What renders this rapid and extraordinary increase of general prosperity the more remarkable is, that it has taken place under circumstances which would have weighed to the earth the industry of most other states. Without descending to details, it is sufficient to enumerate three, fully adequate, one would have thought, to put an entire stop to the growth of industry among any people.

The first of these is the National Debt. The annual payment of from eight-and-twenty to thirty millions to the public creditors, is a burden far greater than ever before was borne by any nation. The annual charge of the national debt of France in 1789—the magnitude of which was the immediate cause of the Revolution—was only £11,000,000 sterling annually, by far the greater part of which was in the perishable form of life-annuities.

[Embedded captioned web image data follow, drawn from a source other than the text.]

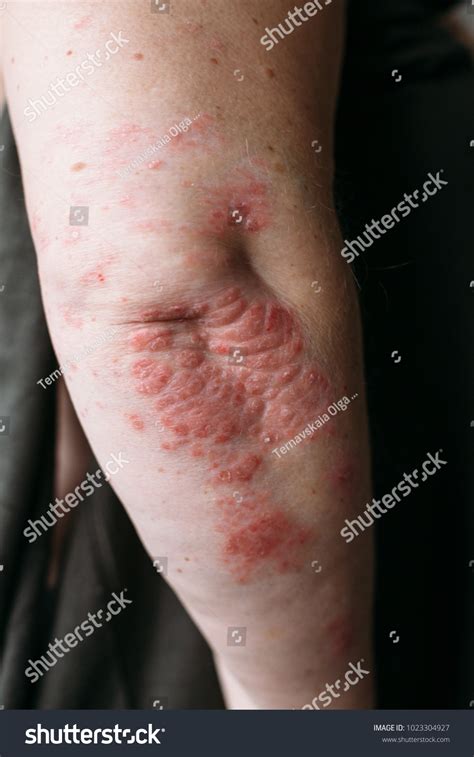 Psoriasis On Elbow Closeup Photo Dry Stock Photo Edit Now 1023304927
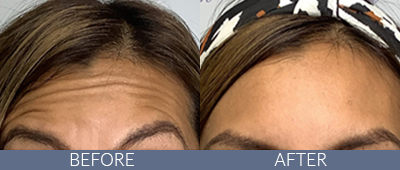Injectables Before and After, DeSoto, TX
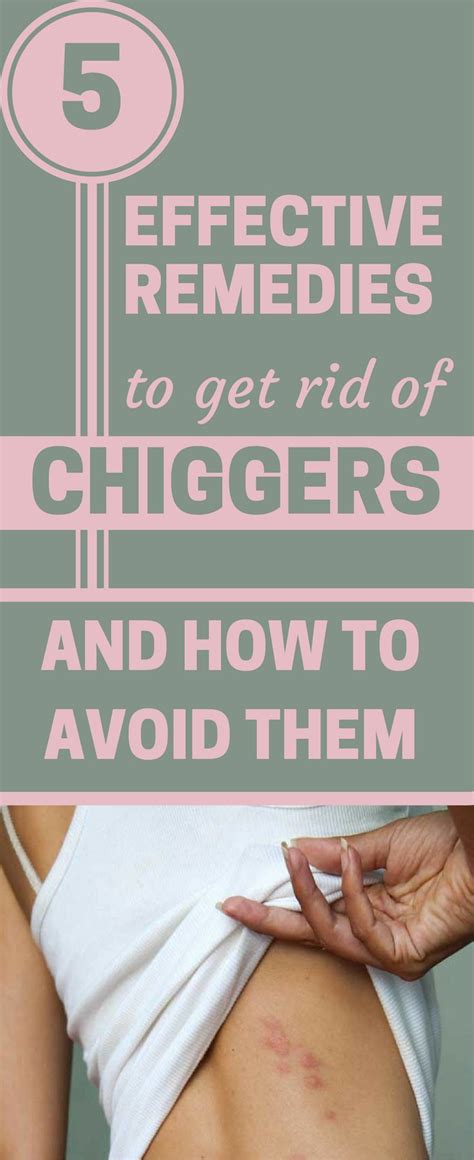 How To Get Rid Of Chiggers In Bed Prevent And Ways To Resolve Otosection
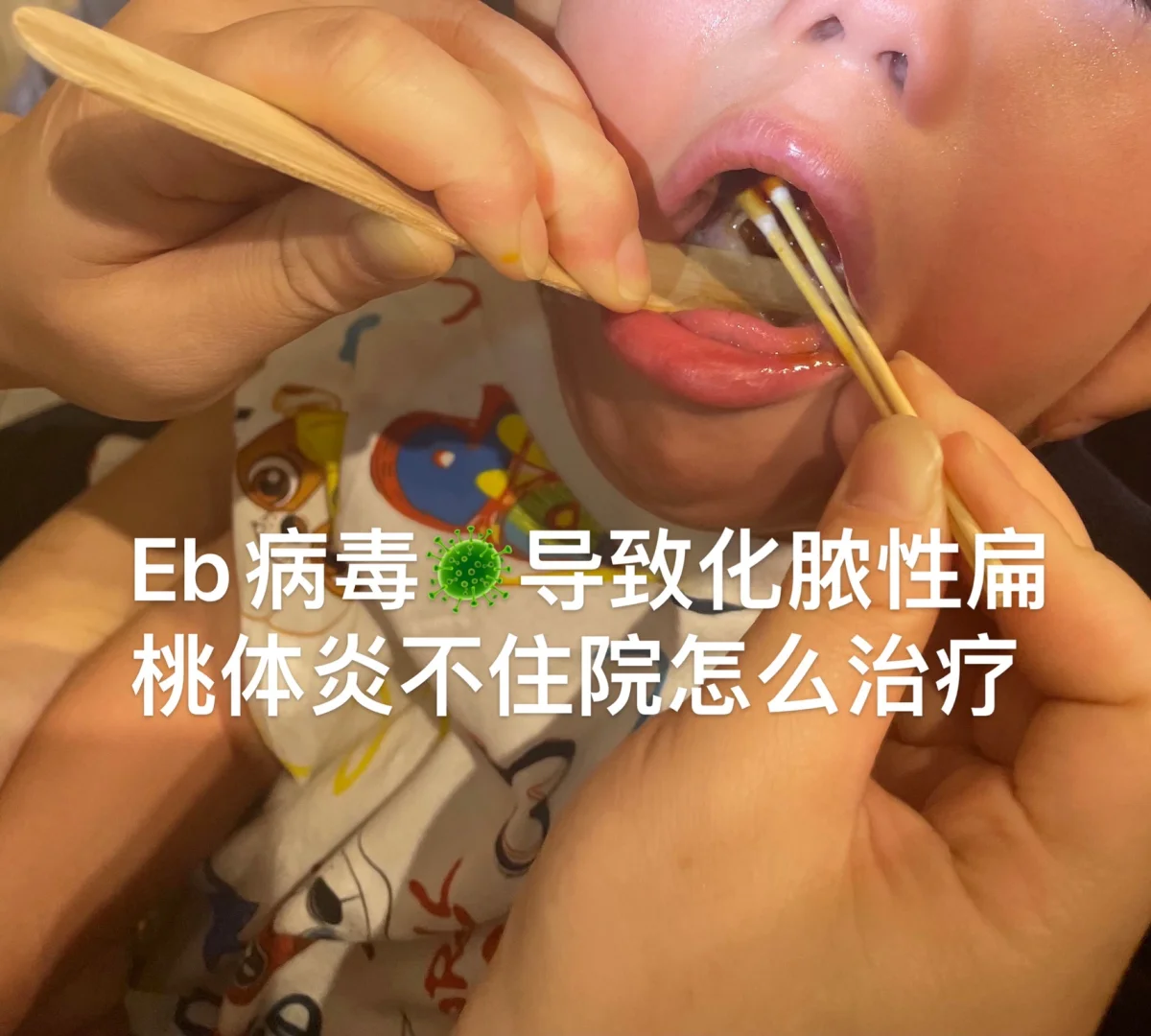 杀犇牛病毒来势汹汹，如何应对让人头疼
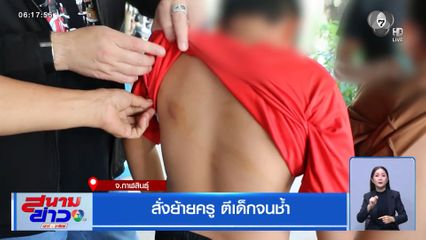 สั่งย้ายครู ตีเด็กจนช้ำ จ.กาฬสินธุ์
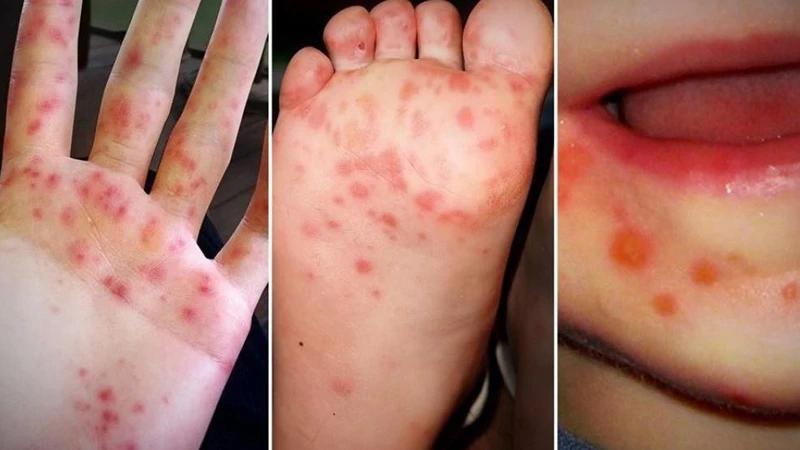 Cách điều trị bệnh tay chân miệng helloo88 an toàn và hiệu quả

The second is the extraordinary Change of Prices which has resulted from the suspension of cash payments during the war, and their subsequent resumption by the Act of 1819. Without involving ourselves in the questio vexata of the currency, it is sufficient to mention the admitted facts, that prices were more than doubled by the first act, and again nearly halved by the second ; that all the lasting contracts of individuals were formed on the basis of the war, and their payment left to be provided for by the diminished resources of the peace prices ; and that the national debt, contracted when money was at its lowest value, requires now to be provided for, when prices have so altered that it has risen to almost double its original amount. What fatal ravages has this rapid and unparalleled change made in the fortunes of individuals ; how many old families has it levelled to the dust; how much meritorious industry has it extinguished for ever! Yet it is in the midst of this widespread suffering, produced by these changes, that the national opulence has made such unprecedented progress.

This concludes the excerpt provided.